2 Hong Kong reverted to Chinese sovereignty on July 1, 1997, and is now officially referred to as the Hong Kong Special Administrative Region or "SAR." Under paragraph 3(f)(2) of the March 25, 1997, U.S.-China Agreement on the Maintenance of the U.S. Consulate General in the Hong Kong Special Administrative Region, U.S. officials are required to notify Chinese officials of the arrest or detention of the bearers of Hong Kong passports in the same manner as is required for bearers of Chinese passports--i.e., immediately, and in any event within four days of the arrest or detention.

3 British dependencies also covered by this agreement include Anguilla, Ascension, Bermuda, Cayman Islands, the Chagos Archipelago (British Indian Ocean Territory), Falkland Islands, Gibraltar, Montserrat, Pitcairn Islands, St. Helena, South Georgia & South Sandwich Islands, Tristan da Cunha, the Turks and Caicos Islands, and the British Virgin Islands. Their residents carry British passports. In addition to the preceding, United Kingdom citizenship also covers persons carrying U.K. passports or who indicate that they are from Great Britain, Wales, Scotland, and Northern Ireland.
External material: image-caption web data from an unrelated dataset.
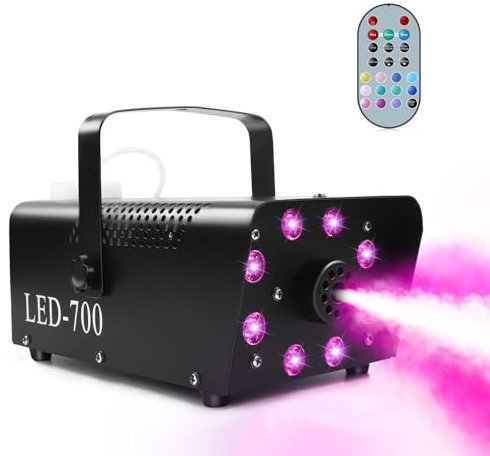 HOLDLAMP Máquina de Humo con Mando a Distancia Inalámbrico 8 LED 700W Pequeña Fog Machine para Discoteca Fiestas Halloween Bodas Escenarios Navidad Actuaciones Disco DJ etc – Negro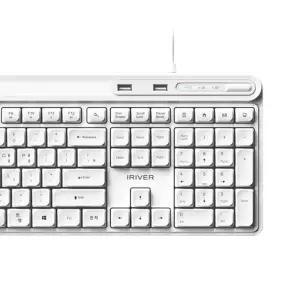 아이리버 무소음 키스킨 유선 키보드 USB허브 2포트 항균 사무용 PC 노트북 K601U 화이트
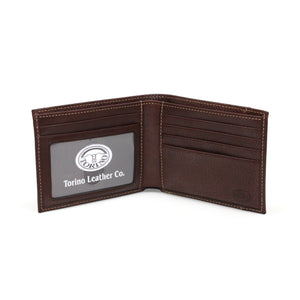 Tumbled Glove Leather Billfold Wallet - Brown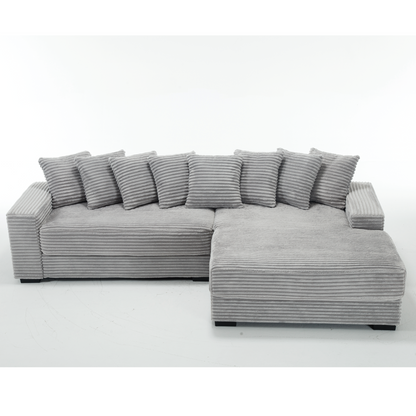 Oversized Two-Piece Couches, L Shaped Sofa, Corduroy, Right Chaise Daybed,with Armrests,Eight Throw Pillows,Corner Sofa,Easy To Assemble, Gray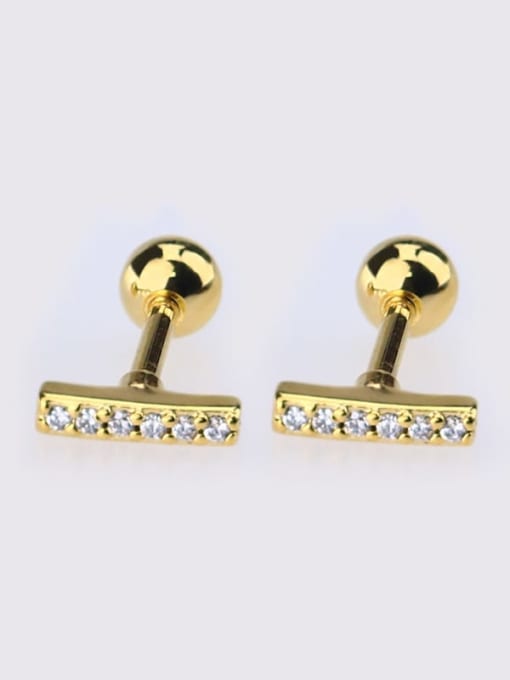 Gold long Zircon Earrings Brass Cubic Zirconia Heart Dainty Single Earring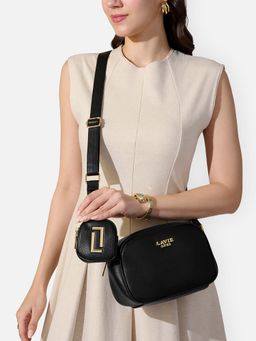 Lavie Luxe - Black Synthetic Leather Solid Slingbag with Coin Pouch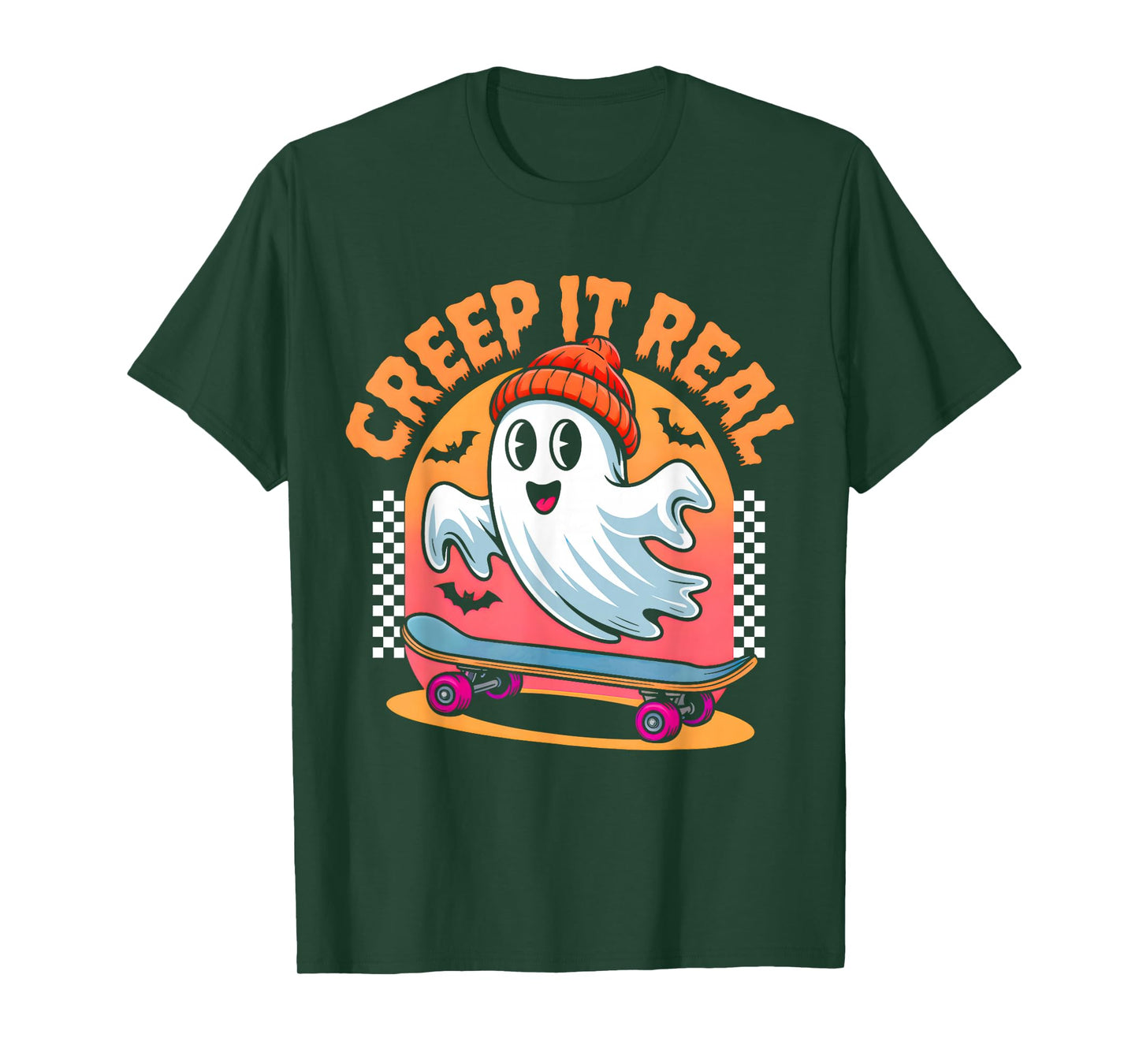 Creep It Real Halloween Skateboard Ghost Kids Boys Teens T-Shirt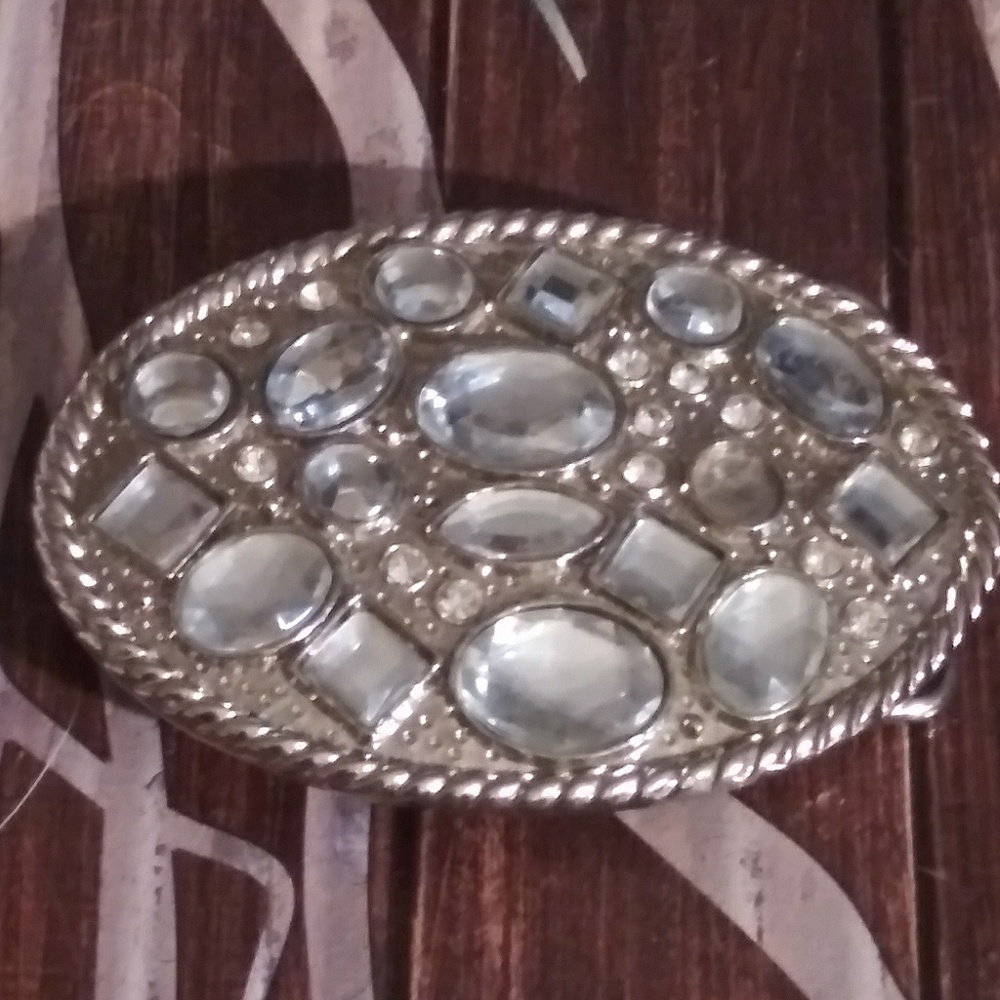Belt Buckle Rhinestones silver oval  3.25"×2.5"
4 Although the U.S.S.R. no longer exists, some nationals of its successor states may still be traveling on its passports. Mandatory notification should be given to consular officers for all nationals of such states, including those traveling on old U.S.S.R. passports. The successor states are listed separately above.

The Secretary of State also advises that agencies are "well advised to retain a written record of the fact of notification or that the arrestee declined consular notification." The US Department of State indicates a fax transmittal confirmation sheet indicating when notification was sent to a consulate should suffice as the written record, when coupled with the master copy of the notification that was faxed.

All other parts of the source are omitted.